Cyclops’ story idea has a lot of potential and not just for a miniseries. What really makes this series stand out is that it’s able to glimpse at the future in a realistic way. The book was originally published in France 13 years ago, and sadly, its ridiculous, based-on-reality-shows 2054 setting is an accurate description of what this world is becoming.
Though some backgrounds and some crammed panels felt rushed with little detail, I really enjoyed the overall look and feel that Jacamon gives to this mini. He and Matz made a great team on this one.
Another thing I enjoyed was Archaia’s book presentation. Even just with the credits page, I had the impression that I was watching a CNN live feed from some distant war, while reading an excerpt of the main hero’s exploits. Sure, maybe the book’s lettering wasn’t the best I’ve seen, but the fact that the story had already grabbed me by the time I noticed made me overlook this minor detail.
As readers know by now, Doug Pistoia is part of a special task force unit sent to troubled countries, where war has erupted or is about to erupt. But the special nature of this Multicorps unit is shown really fast, as its components have live interviews, and a 24-hour a day live feed as long as they are on the battlefield.
Multicorps wants to create a hero, and then have him show off in front of the cameras. Whether or not their tactical decisions on how to resolve a conflict are humanitarian and law-abiding is an issue that none of the big fish in the company care about. All they care about is promoting Doug and following him each day, even when he is off-duty (an idea that showed up a year later in the movie EdTV), creating a logical rift in his relationship.
In these days — where the US subcontracts private security companies to act in international war scenarios, where every TV channel has the highest ratings when airing a reality show, where wars are created because oil is needed, where it becomes more and more difficult to determine who the good guys and the bad guys are, where the interests of multinationals run the world, where the world’s color is gray — maybe we need a big dose of true heroism.
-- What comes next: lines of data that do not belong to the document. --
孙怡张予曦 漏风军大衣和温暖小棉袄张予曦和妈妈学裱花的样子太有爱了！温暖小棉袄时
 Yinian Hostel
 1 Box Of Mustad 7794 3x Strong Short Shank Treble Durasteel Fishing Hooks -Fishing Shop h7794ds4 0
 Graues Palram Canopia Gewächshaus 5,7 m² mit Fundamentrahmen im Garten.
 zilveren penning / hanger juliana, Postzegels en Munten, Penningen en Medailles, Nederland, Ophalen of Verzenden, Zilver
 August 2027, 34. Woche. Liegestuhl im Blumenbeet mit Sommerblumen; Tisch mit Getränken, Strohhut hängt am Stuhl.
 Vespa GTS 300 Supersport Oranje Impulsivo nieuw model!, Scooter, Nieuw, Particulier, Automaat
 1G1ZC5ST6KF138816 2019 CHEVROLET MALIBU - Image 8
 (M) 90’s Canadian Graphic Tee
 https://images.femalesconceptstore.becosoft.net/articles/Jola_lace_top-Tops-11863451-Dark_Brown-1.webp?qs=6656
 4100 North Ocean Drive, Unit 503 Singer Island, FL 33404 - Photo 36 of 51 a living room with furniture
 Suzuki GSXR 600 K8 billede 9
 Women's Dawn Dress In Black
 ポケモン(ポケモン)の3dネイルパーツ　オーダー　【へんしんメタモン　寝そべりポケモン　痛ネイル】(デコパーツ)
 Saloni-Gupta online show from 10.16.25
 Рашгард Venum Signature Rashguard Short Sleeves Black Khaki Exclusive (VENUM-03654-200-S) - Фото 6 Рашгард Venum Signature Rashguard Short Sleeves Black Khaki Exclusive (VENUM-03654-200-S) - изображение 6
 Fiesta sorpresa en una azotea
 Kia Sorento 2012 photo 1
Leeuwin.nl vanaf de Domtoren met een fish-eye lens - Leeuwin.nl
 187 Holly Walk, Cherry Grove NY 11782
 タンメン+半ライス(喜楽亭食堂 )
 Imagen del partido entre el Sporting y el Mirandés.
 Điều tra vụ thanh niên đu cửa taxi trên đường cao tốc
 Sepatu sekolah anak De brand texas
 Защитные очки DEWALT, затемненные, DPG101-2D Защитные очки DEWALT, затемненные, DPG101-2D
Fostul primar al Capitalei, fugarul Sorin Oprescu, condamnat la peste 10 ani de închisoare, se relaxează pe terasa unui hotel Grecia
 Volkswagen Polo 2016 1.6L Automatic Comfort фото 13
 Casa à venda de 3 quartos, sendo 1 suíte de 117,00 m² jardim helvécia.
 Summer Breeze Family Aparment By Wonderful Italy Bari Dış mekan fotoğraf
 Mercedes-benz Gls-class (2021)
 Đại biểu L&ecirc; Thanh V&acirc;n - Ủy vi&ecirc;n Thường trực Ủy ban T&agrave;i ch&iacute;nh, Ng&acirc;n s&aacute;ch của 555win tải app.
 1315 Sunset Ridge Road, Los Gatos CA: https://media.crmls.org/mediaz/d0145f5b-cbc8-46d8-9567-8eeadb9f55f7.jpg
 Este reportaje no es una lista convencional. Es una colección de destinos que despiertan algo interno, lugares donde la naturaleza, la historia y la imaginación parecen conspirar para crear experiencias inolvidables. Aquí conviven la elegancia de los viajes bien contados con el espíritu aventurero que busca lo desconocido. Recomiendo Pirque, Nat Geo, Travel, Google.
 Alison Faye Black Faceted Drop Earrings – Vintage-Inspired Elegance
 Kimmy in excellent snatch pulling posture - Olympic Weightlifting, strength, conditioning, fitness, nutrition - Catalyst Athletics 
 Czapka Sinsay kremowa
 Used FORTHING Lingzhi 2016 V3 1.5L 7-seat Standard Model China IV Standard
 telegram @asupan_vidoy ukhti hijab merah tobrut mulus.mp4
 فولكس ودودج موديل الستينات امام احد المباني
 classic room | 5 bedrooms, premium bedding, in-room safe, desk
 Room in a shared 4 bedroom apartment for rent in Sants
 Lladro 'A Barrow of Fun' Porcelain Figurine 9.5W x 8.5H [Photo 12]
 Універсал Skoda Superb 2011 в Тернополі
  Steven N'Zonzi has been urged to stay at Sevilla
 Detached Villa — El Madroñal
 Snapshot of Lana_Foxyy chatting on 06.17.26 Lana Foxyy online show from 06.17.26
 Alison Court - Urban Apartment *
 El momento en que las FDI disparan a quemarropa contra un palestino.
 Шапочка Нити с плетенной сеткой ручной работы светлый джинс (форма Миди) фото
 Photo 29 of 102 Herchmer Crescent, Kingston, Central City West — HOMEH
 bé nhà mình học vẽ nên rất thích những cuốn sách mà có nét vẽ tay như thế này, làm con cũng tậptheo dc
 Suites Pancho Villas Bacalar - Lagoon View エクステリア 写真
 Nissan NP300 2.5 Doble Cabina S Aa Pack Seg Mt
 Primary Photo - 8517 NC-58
Maybe we need someone with the change of conscience that Doug Pistoia starts feeling in this issue.
And as we realize that, though Cyclops may seem exaggerated at some points, this world of the year 2054 is not so different from the one we live in. So we have to wonder: are the heroes we have the real deal, or just a product for the masses, easy on the eye? That looks like a difficult question, one I certainly don’t have the answer for.